Daran, dass dies seitens der Protagonisten um das ministeriale [_selfedit_] nicht als Argument bzw. Einsatzmöglichkeit angedacht ist, ist zu erkennen, dass dies nicht dem entspricht, was die Protagonisten vorhaben. Gefahr ist dann, das so kluge Köpfe wie Jansen (und andere BDK-nahe Personen *wink*) mit einem richtigen Argument eine falsche Sache unterstützen.
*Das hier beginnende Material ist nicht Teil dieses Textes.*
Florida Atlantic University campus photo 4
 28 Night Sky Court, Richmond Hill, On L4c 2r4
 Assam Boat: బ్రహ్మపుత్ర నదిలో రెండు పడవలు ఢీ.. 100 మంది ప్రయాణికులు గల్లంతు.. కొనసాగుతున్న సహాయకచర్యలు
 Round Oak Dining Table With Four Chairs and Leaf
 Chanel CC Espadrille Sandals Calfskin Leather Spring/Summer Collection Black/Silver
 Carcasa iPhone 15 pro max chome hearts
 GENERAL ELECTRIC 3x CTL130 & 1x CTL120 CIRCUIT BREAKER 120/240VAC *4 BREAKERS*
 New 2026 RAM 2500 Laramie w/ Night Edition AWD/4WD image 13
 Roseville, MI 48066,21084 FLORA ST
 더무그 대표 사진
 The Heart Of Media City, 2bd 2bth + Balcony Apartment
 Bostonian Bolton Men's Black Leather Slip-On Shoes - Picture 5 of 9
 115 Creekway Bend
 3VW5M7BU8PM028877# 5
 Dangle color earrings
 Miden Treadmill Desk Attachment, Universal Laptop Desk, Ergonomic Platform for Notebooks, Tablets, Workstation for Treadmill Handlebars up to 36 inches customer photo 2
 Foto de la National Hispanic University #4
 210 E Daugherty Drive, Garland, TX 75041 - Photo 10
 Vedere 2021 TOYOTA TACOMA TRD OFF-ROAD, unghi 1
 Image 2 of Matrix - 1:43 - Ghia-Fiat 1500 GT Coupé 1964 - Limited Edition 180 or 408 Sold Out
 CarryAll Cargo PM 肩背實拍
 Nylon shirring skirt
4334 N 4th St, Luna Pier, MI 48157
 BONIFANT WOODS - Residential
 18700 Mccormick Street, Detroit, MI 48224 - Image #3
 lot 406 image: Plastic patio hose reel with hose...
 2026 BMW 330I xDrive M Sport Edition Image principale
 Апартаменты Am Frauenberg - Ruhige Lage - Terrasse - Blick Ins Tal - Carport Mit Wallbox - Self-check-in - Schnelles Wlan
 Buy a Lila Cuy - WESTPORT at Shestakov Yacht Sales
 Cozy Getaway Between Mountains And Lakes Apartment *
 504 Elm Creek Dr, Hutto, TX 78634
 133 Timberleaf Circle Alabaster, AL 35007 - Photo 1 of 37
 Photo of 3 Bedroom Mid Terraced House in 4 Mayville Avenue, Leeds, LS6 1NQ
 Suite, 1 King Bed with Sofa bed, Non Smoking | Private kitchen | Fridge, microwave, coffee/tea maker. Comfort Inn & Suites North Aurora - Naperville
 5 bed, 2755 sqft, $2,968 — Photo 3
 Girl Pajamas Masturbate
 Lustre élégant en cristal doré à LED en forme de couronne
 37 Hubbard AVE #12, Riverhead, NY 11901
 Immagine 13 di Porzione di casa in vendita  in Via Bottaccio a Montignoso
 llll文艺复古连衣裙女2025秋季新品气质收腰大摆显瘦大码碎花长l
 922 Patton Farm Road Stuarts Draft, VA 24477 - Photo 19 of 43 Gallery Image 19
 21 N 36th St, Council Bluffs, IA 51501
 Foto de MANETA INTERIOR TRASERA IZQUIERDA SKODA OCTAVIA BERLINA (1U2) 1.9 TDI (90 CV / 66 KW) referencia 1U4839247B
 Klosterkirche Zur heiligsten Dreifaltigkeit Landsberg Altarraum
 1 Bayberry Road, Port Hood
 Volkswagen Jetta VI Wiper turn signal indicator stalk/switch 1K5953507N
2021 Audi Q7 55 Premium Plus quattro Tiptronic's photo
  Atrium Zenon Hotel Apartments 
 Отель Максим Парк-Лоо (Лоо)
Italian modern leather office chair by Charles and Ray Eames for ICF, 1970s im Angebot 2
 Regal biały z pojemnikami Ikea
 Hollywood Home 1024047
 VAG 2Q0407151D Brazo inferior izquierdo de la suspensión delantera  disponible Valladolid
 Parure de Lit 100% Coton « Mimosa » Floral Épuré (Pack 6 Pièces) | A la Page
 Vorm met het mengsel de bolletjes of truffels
Das zumindest hält *mich* davon ab, so zu argumentieren.
Auch wegen dieses Arguments:


> Um auch technisch versierte international agierende Täter zu fangen, bedürfe es zudem einer "globalen Rechtsordnung". Andernfalls würden im Netz der Vorratsdatenspeicherung nur Eierdiebe hängen bleiben".


----------